Standing in front of a rapt young audience is Lewie Allen, a product of digital altruism in real life. Allen is teaching coding to a group of 16- to 25-year-olds so that, within an hour, they can build their own websites. The cost of this session to his eager acolytes? Nothing at all.
Allen, 27, is a lead trainer and brand ambassador for Freeformers, a computer-training company with an altruistic twist. Launched two-and-a-half years ago, the firm runs courses for corporate clients including Bloomberg, the Bank of England, Tesco, Argos and the BBC, teaching their employees about all things digital – from learning the basics to coding, recognising cyber security threats and mastering social-media strategy. What makes Freeformers different, is that for every business person who goes on one of its courses, it trains a young person, aged between 16 and 25, for free. So far, Freeformers has taught 1,053 young people this year.
The next raft are being encouraged by Allen today, who became enchanted by coding two- and-a-half years ago, and chats about the subject with passion. "We're learning this for a reason, not just for the sake of it," he tells the group, introducing them to HTML programming language and open-source software. By the end of the session, the group will have each developed an online CV to show to employers.
Half of Freeformers' trainers – including Allen – first went on one of the courses for free, and now they, in turn, teach digital skills to the very businesses that effectively funded their learning. Allen, who has spoken at the European Commission on the future of teaching technology in schools, left his own at the age of 16, a music lover who made tunes on his computer but struggled to find employment. "I left school with three GCSEs, didn't have a job and lived in seven hostels over five years," he says. When he went to an event run by Freeformers, which he heard about through his local youth club, he was inspired by the creativity of technology and began working for the company. "Learning digital skills has opened all sorts of doors," he says.
Emma Cerrone, 38, co-founder of Freeformers, says that, while young people are instinctive consumers of technology and understand connectivity, many are not as comfortable creating. "We're tapping into the 99 per cent who don't think geeky stuff is for them," she says. "Then they find their confidence." Cerrone, whose background was in public relations rather than technology, firmly believes that the digital age "is just another way of being creative".
While children are now learning to code in schools from the age of five, changes to the national curriculum were only put in place a year ago. For those leaving school, skills vary widely and many are intimidated by programming, seeing it as an end in itself. Young people come to Freeformers' events from youth and education charities including The Prince's Trust, the NSPCC, WORLDwrite and Envision. Cerrone believes that the corporations who fund these places will start hiring the young people they train directly, as they recognise their talents. "The corporate interview process needs to change," she says.
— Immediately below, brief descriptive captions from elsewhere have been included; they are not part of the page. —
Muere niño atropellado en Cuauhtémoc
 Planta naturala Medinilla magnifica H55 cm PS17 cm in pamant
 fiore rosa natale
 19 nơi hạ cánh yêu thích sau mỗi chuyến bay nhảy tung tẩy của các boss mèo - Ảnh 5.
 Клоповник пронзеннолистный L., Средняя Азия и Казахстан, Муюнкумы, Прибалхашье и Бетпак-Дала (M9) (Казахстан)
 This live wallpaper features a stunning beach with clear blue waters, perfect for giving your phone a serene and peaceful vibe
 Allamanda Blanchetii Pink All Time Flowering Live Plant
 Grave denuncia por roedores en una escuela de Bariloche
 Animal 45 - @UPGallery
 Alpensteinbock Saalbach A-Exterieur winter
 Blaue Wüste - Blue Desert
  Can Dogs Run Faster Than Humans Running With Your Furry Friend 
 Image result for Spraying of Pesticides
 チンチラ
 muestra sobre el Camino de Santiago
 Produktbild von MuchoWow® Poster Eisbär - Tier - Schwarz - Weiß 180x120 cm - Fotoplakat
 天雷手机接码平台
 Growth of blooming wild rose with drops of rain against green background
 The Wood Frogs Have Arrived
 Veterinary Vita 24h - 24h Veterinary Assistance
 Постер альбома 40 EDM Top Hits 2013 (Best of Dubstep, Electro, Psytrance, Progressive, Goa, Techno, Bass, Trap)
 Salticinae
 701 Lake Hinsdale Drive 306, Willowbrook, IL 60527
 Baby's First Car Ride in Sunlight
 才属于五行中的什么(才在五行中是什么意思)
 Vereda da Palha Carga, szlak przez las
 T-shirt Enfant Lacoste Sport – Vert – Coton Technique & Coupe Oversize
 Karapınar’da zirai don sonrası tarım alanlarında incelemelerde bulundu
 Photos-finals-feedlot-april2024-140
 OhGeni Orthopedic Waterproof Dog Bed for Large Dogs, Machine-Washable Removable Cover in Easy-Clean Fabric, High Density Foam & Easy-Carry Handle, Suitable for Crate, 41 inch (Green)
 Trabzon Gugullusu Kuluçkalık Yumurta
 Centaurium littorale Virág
Amrit Kaur Lohia, 23, a student at the School of Oriental and Asian Studies, lives in Edmonton, north London, and heard about Freeformers through the youth charity Envision. "There is a massive gap in skills, especially considering how fast the world is changing," she believes. "This makes you look at how young people can change things around them." She has spent her morning developing an app for collecting receipts, which triggers a reminder before the 28-day expiry period lapses for returns, as she finds it frustrating when she realises that she's too late to take her unwanted buys back.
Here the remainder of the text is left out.